— SOURCE DATA —
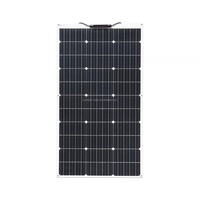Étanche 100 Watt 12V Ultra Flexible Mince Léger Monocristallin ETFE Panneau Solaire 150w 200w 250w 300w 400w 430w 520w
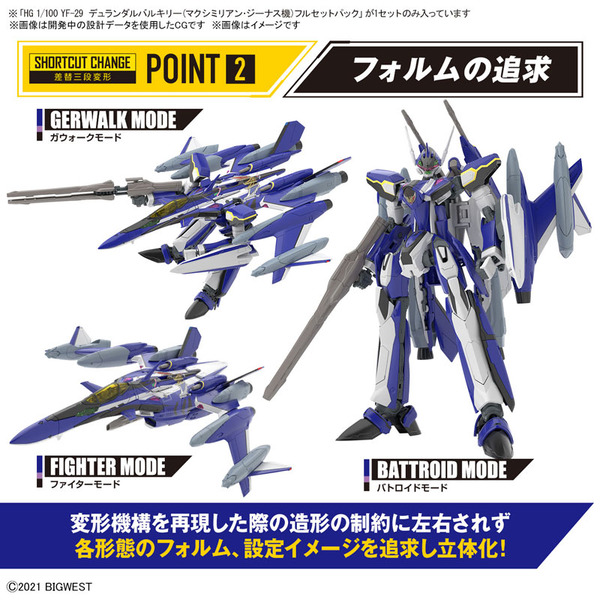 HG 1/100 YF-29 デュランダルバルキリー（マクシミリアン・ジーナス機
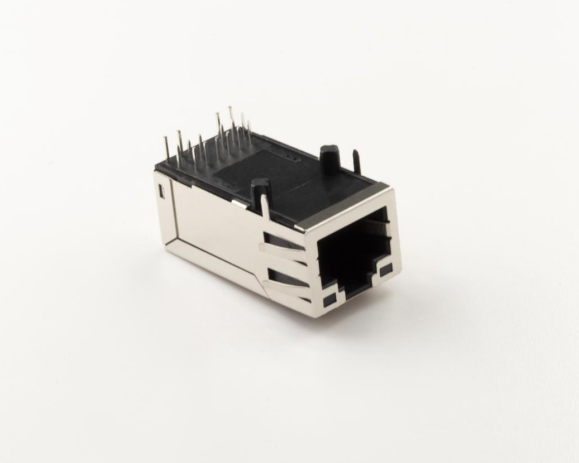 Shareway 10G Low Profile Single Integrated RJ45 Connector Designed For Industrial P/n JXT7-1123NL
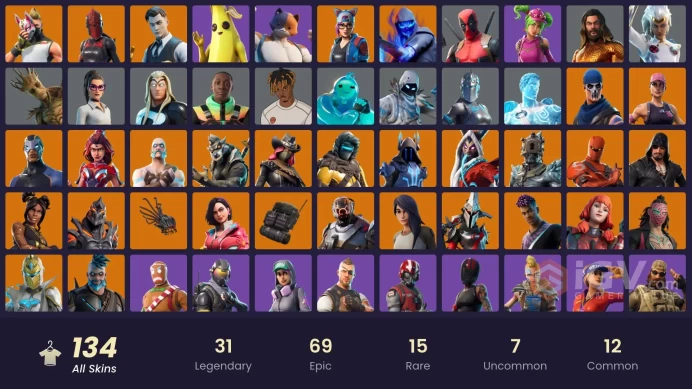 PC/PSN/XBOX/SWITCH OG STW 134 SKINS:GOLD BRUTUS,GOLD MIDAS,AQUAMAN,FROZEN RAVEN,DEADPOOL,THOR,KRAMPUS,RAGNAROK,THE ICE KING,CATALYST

...

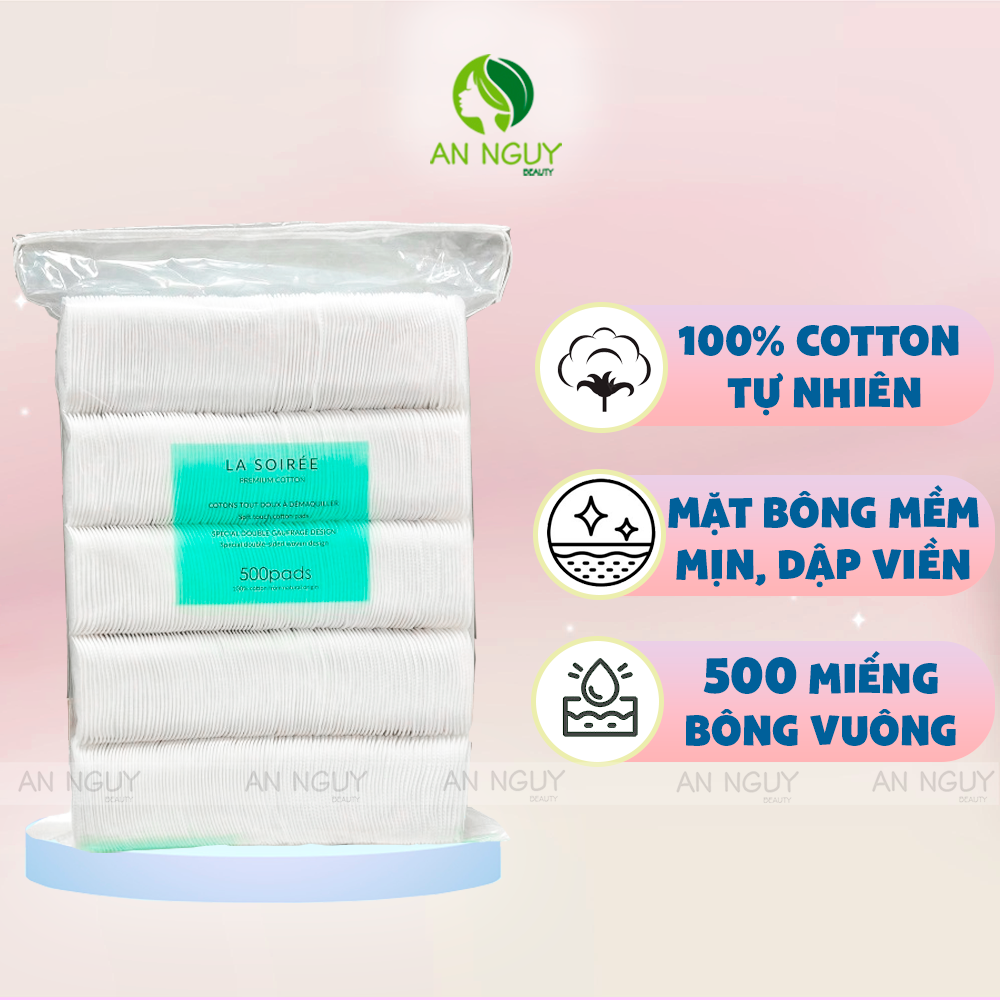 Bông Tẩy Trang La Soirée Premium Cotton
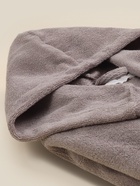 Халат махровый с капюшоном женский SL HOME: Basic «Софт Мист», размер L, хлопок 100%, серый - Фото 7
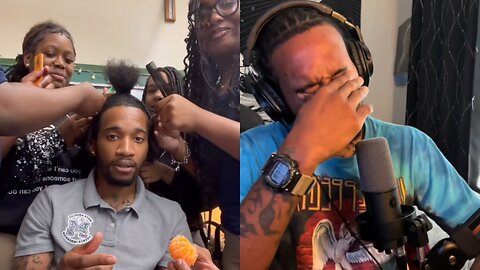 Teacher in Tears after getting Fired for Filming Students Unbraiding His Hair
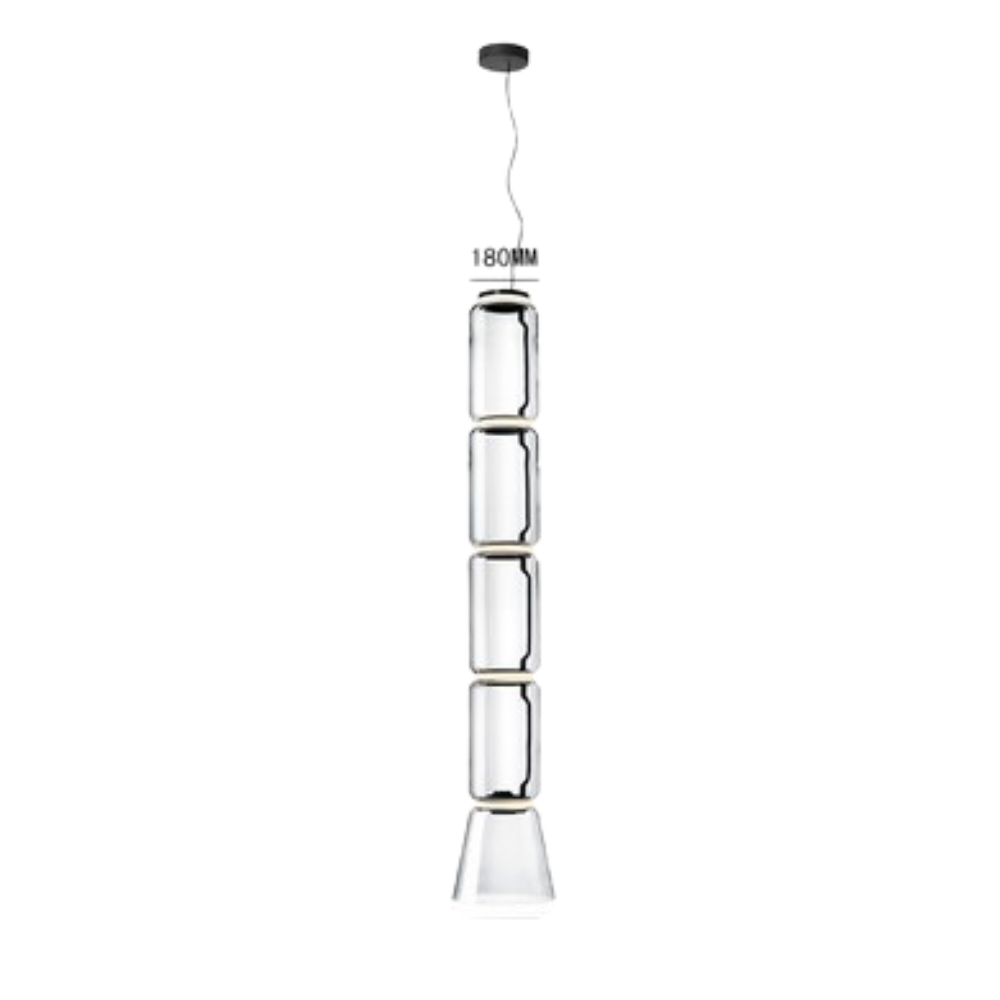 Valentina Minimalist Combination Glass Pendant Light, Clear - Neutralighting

==

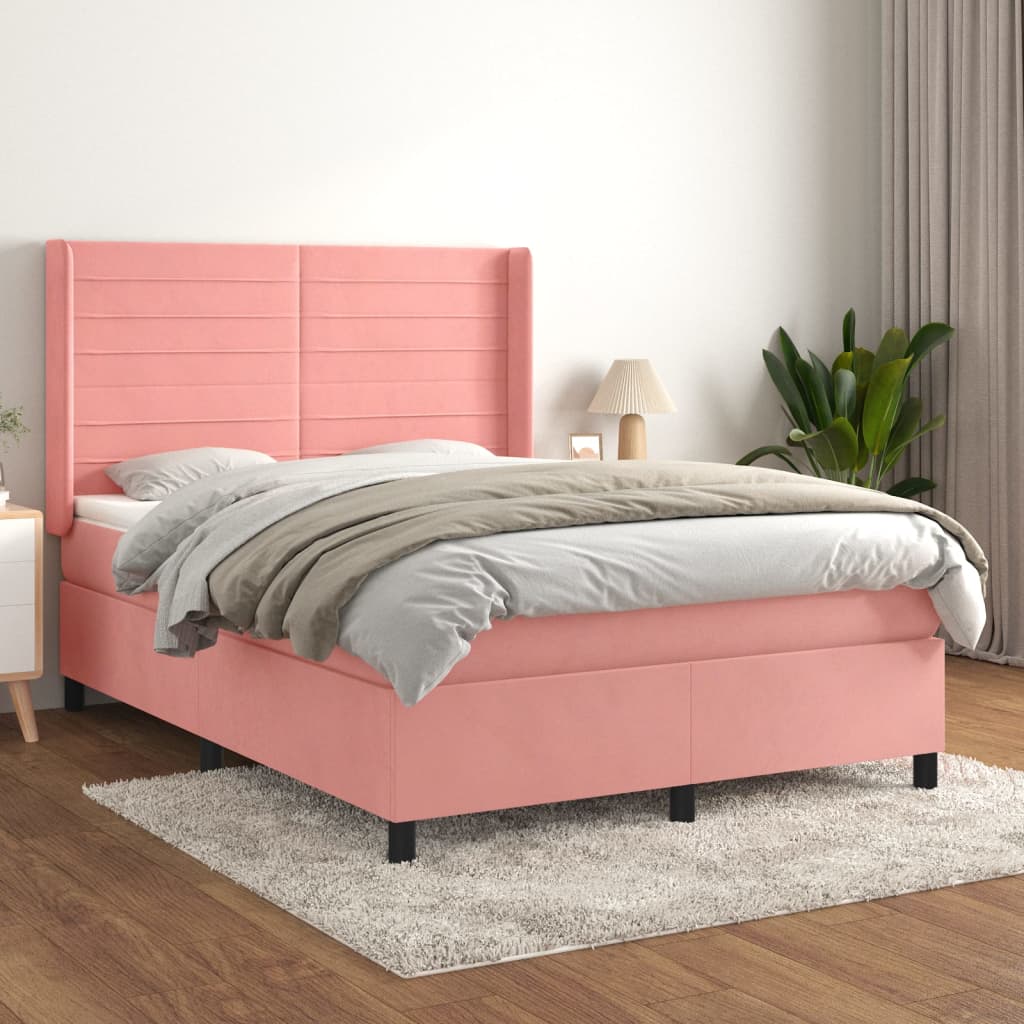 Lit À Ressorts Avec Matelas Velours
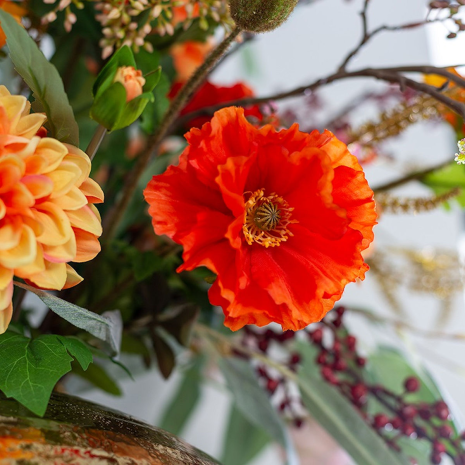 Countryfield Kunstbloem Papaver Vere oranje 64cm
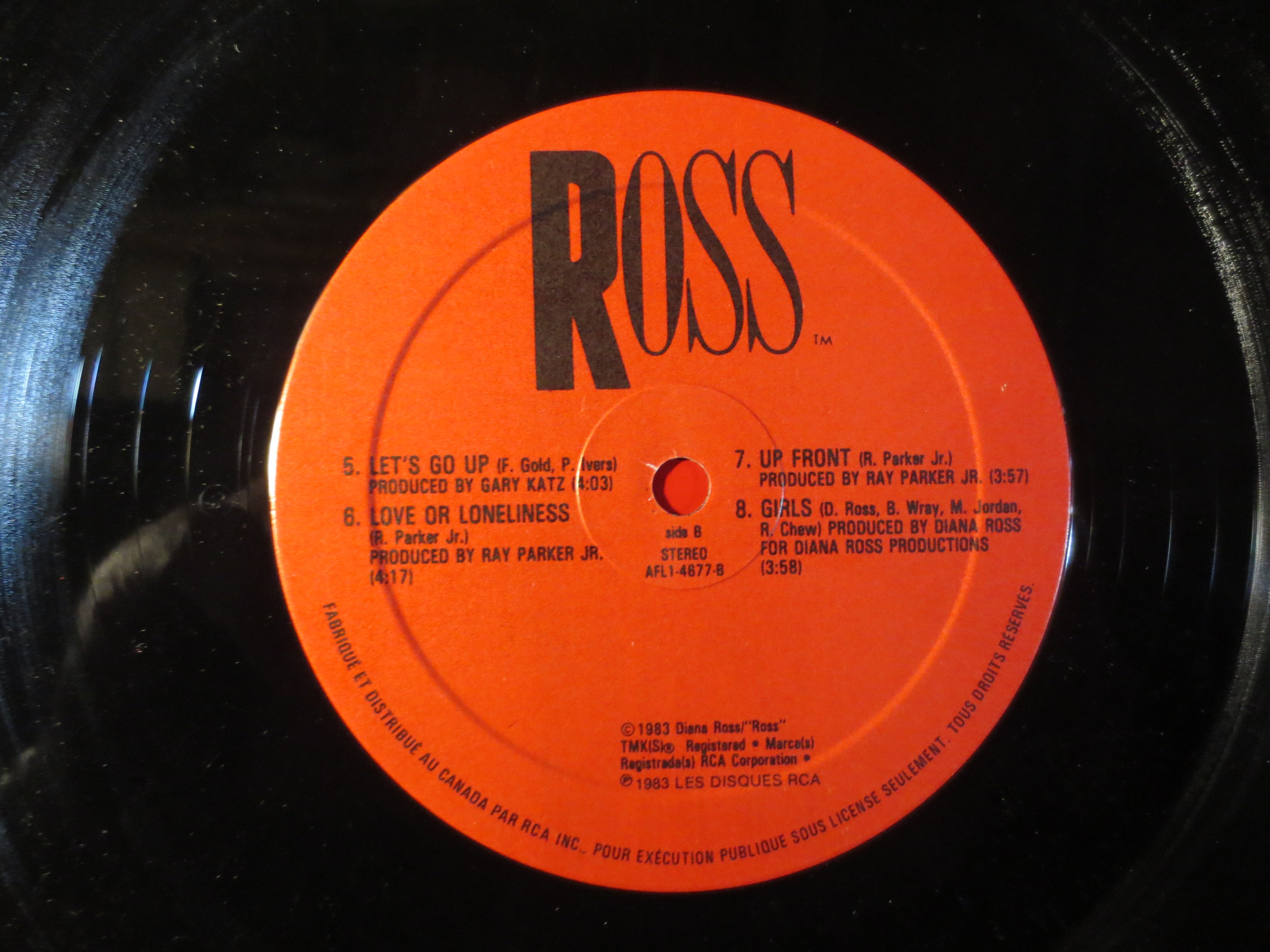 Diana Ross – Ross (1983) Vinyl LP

— EXERCISE DIRECTIONS —
The copy should hold only the lines from the one with "Lit À Ressorts Avec Matelas Velours" through the one with "Diana Ross – Ross (1983) Vinyl LP", exactly as they stand above. Leave out the pictures.

— PROBLEM SOLUTION —
 Lit À Ressorts Avec Matelas Velours
 Countryfield Kunstbloem Papaver Vere oranje 64cm
 Diana Ross – Ross (1983) Vinyl LP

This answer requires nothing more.